November
Liberation Day
November 1 each year
On November 1, 1954, the French tricolour was lowered over Pondicherry and the Indian flag raised for the first time. Liberation Day marks the de facto end of French rule with a public holiday, civic parades, and a moment to reckon with what exactly was liberated, and what was lost.
The transfer
France and India negotiated the handover of Pondicherry and the other French Establishments (Karikal, Mahé, and Yanam) over several years of careful diplomacy. The de facto handover happened on November 1, 1954: French forces departed, Indian forces arrived, and Pondicherry became part of the Indian Union in practice. The formal legal treaty, however, required ratification by the French National Assembly and did not come until August 16, 1962. Pondicherry therefore observes two liberation dates: November 1 for the physical transfer, August 16 for the legal one.
The ambivalence
It would be wrong to describe the French departure as straightforwardly joyful. France had administered Pondicherry under a democratic government with full French citizenship for its residents and free schooling in French. A substantial Franco-Tamil community left for France after the transfer. Others stayed. The Consulate General of France remains open in the city today; the Alliance Française and the Lycée Français continue operating.
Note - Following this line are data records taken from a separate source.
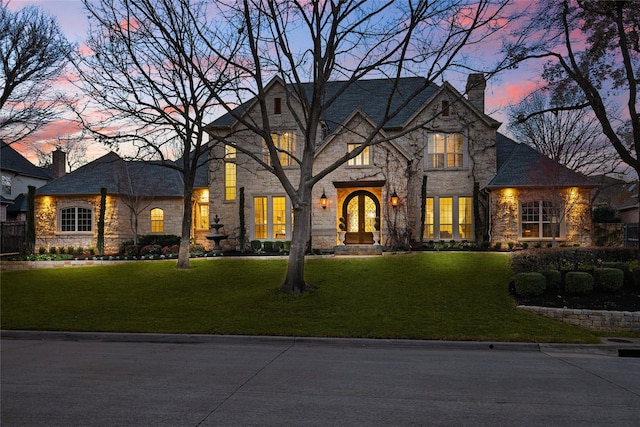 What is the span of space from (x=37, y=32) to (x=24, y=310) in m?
10.7

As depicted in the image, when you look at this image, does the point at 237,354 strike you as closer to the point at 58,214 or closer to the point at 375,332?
the point at 375,332

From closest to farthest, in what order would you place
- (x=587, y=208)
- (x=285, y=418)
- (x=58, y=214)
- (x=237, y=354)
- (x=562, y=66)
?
1. (x=285, y=418)
2. (x=237, y=354)
3. (x=562, y=66)
4. (x=587, y=208)
5. (x=58, y=214)

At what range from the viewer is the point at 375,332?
10.2 metres

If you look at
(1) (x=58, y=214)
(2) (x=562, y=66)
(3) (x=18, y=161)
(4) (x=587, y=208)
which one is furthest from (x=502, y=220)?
(3) (x=18, y=161)

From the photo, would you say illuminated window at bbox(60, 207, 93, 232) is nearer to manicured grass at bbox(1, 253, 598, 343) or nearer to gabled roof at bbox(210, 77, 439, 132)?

Bastille Day is still celebrated with fireworks on the seafront. The relationship between Pondicherry and France changed in 1954 and 1962; it did not end.
The observance
Liberation Day is a public holiday in Puducherry. The government marks it with civic parades, exhibitions of photographs and documents from the 1954 transfer, and ceremonies at public squares honouring the freedom fighters and activists who campaigned for merger with India. The French War Memorial on Goubert Avenue, which commemorates an earlier conflict, stands nearby.